Operating System Structure

Monolithic kernels (the ``big mess'' according to Tanenbaum) led to interest in more structured operating systems, such as layering and better structuring. Look at Unix history and slide.

From there work began on taking functionality out of the kernels and making them much smaller-- ``micro'' versions.

Microkernels

Look at organization in Figure 4.9 (Stallings). Layered operating system example is Xinu-- ``a small, elegant operating system''.

Philosophy of microkernel is to have the bare essentials in the kernel.

Benefits of microkernels:

• uniform interfaces--same for kernel and user-level services
• extensibility--can add new services
• flexibility--can subtract/modify services
• portability--easier to port operating system because os-specific part is smaller
• reliability--smaller kernel makes its implementation likely to be more reliable. Also more well-defined APIs.
• distributed system support--pieces can be on another machine.
• object-oriented operating system--architecture works in OO context.

Performance of such microkernels (Mach and Chorus) has been the concern. Approaches to improve performance (co-location of services in the kernel) go against microkernel idea.

Mach Operating System

One such system is Mach, which was developed at CMU. Mach was used as the basis for work on OSF/1, which was adopted by some companies such as Digital. The version of OSF/1 running on Digital Alpha machines is currently known as Digital Unix.

Look at ``Microkernel Operating System Architecture and Mach'' paper (1992).

Windows NT Operating System and Beyond

Single-user, multitasking operating system designed to run on a variety of PCs and workstations.

Uses a modified microkernel architecture (Figure 2.13)--some system services are in the kernel for performance reasons.

Hardware Abstraction Layer (HAL) contains hardware-specific code.

Windows NT works with objects.

Paging is done in the kernel as well as all I/O.

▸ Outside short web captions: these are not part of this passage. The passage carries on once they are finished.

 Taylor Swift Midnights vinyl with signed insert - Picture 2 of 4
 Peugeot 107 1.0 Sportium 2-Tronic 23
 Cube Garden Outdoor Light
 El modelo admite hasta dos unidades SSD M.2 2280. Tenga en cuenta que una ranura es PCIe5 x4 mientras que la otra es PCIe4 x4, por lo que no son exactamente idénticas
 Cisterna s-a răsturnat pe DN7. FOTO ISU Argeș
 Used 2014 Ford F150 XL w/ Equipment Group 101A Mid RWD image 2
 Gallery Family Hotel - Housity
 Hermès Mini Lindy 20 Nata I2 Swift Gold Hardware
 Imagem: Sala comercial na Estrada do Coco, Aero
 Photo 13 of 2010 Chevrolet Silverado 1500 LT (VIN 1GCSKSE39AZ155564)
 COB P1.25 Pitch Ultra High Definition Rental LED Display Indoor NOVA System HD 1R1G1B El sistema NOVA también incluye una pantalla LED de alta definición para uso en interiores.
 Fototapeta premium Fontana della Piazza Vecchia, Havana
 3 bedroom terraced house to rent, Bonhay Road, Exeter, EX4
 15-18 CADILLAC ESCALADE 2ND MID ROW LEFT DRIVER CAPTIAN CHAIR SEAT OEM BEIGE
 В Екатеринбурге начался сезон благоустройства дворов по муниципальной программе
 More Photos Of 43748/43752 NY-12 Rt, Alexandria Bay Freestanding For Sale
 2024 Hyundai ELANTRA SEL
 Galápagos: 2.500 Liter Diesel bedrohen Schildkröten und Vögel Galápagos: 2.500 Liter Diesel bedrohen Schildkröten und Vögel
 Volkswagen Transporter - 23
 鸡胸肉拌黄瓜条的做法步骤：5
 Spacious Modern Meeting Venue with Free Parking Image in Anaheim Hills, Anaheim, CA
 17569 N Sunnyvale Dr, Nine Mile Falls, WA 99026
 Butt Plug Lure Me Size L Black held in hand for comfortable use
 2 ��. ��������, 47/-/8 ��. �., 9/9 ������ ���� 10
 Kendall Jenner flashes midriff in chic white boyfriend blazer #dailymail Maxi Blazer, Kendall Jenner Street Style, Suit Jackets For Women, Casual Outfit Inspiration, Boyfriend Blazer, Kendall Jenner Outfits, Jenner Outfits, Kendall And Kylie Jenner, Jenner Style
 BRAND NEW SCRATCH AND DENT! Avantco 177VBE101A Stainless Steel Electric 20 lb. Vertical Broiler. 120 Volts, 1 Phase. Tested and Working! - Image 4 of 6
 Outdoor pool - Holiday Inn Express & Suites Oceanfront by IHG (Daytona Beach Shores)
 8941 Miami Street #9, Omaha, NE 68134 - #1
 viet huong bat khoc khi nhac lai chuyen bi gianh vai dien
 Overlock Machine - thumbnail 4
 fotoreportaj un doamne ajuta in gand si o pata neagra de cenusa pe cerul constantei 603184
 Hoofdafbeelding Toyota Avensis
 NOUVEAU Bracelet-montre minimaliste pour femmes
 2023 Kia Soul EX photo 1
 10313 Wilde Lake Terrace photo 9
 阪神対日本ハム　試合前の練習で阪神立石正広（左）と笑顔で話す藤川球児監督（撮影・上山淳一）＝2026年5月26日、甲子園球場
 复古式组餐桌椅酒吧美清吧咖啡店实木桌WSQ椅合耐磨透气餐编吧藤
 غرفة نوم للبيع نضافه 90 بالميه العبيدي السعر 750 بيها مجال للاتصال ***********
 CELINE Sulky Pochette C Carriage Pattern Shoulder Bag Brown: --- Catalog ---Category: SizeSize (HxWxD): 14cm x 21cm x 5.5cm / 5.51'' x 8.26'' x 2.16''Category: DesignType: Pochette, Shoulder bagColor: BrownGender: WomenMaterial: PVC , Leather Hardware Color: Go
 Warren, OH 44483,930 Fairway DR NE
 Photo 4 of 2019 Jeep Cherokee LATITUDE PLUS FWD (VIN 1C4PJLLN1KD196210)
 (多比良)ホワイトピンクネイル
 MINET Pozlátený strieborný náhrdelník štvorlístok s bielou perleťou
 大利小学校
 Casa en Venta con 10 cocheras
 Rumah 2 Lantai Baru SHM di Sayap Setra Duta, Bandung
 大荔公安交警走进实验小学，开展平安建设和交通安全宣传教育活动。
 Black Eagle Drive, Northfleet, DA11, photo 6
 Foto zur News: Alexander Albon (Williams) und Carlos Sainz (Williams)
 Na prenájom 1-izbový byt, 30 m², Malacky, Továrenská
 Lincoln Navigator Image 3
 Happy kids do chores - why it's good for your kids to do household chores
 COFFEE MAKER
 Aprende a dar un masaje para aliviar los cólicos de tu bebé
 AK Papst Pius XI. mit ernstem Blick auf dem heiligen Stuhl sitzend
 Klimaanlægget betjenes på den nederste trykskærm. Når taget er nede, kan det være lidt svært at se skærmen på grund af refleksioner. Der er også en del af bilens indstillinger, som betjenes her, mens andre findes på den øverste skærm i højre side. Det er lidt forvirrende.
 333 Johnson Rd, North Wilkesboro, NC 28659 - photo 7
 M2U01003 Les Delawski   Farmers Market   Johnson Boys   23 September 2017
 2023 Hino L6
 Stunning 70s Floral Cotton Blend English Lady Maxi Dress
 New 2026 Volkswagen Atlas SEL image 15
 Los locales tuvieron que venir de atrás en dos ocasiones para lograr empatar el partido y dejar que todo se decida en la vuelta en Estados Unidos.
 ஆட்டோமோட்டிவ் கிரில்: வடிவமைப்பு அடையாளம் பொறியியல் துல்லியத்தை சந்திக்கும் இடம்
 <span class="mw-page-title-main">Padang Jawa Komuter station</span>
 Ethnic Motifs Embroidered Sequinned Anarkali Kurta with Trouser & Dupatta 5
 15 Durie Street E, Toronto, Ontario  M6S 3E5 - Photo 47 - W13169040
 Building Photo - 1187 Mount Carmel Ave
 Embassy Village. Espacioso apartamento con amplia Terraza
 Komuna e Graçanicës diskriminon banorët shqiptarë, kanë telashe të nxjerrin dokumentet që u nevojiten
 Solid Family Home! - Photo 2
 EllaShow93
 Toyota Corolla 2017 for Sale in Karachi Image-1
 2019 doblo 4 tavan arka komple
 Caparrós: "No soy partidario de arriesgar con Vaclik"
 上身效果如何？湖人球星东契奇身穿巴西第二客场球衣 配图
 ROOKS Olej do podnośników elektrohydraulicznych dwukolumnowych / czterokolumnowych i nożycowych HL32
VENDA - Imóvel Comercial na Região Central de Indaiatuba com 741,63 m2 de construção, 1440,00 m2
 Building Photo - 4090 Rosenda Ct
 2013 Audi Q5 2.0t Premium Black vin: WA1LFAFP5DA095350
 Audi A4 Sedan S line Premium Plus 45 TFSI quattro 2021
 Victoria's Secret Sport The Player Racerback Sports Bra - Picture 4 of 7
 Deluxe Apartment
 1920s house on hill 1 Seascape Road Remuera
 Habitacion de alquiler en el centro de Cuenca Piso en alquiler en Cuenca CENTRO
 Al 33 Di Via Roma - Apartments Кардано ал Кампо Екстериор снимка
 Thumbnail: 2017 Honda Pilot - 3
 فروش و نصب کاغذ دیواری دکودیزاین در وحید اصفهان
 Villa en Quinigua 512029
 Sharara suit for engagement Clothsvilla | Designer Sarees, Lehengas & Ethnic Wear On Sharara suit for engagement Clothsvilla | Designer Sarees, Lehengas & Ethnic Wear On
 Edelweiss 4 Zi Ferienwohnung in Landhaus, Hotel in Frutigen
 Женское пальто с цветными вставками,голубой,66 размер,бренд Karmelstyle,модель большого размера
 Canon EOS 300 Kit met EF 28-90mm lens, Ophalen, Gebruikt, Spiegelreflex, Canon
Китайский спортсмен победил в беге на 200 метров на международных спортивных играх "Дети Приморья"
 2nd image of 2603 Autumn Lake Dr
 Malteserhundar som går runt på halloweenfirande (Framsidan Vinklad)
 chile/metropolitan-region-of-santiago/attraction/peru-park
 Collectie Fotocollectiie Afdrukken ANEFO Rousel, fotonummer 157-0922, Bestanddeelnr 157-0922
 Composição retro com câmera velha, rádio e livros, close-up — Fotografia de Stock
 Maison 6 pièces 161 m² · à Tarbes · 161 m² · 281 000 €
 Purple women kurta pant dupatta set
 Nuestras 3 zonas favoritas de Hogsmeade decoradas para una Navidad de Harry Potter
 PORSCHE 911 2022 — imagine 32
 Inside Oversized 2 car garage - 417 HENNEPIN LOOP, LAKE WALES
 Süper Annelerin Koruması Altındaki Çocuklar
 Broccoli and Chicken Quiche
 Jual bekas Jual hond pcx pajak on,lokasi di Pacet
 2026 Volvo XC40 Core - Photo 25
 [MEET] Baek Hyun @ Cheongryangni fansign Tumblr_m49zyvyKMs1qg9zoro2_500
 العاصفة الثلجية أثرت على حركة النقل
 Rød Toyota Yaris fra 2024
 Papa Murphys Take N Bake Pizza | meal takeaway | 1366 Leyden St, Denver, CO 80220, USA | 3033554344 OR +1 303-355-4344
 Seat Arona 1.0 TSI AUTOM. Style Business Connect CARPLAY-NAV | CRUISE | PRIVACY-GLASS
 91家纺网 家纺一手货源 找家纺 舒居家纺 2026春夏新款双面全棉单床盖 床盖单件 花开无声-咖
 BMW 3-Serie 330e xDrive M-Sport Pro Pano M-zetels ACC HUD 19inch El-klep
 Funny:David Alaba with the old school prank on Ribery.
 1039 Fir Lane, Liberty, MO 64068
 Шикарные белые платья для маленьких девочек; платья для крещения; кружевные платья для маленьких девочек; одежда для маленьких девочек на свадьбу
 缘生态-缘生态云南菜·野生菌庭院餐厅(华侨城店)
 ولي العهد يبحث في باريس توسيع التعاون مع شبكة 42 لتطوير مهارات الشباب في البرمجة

Provides kernel level threads.

Uses local procedure call (optimized message-passing mechanism) for communication.

The server processes at the user level basically provide different interfaces. Most common is Win32 subsystem--in fact other user-level services must go through Win32 subsystem.

Second Generation Microkernels

Look at ``The Performance of Micro-Kernel-Based Systems'' paper. Slides:
http://www.cs.wpi.edu/~cs535/s03/hartig:sosp97/

Exokernel Operating Systems

Look at ``Application Performance and Flexibility on Exokernel Systems'' paper. Slides:
http://www.cs.wpi.edu/~cs535/s03/kaashoek:sosp97/

Operating Systems Support for Server Applications

Look at ``Better Operating System Features for Faster Network Servers'' paper. Slides:
http://www.cs.wpi.edu/~cs535/s03/banga:wisp98/

Language-Based Operating Systems

Look at ``Techniques for the Design of Java Operating Systems'' paper. Slides:
http://www.cs.wpi.edu/~cs535/s03/back:usenix00/

Support for Secure Applications

Look at ``Sub-Operating Systems: A New Approach to Application Security'' paper. Slides:
http://www.cs.wpi.edu/~cs535/s03/ioannidis:ew02/

Support for Internet Services

Look at ``Ninja: A Framework for Network Services'' paper. Slides:
http://www.cs.wpi.edu/~cs535/s03/behren:usenix02/

Object-Oriented Systems

Look at Choices and Clouds papers

Alternate Approaches

Examine Amoeba and Sprite comparison paper.

Summary

Many types of structures. The microkernel approach, although with flaws has moved forward in the marketplace with Windows NT and Digital Unix.

Researchers are still looking to find operating system structures that support new types of applications and needs of networking.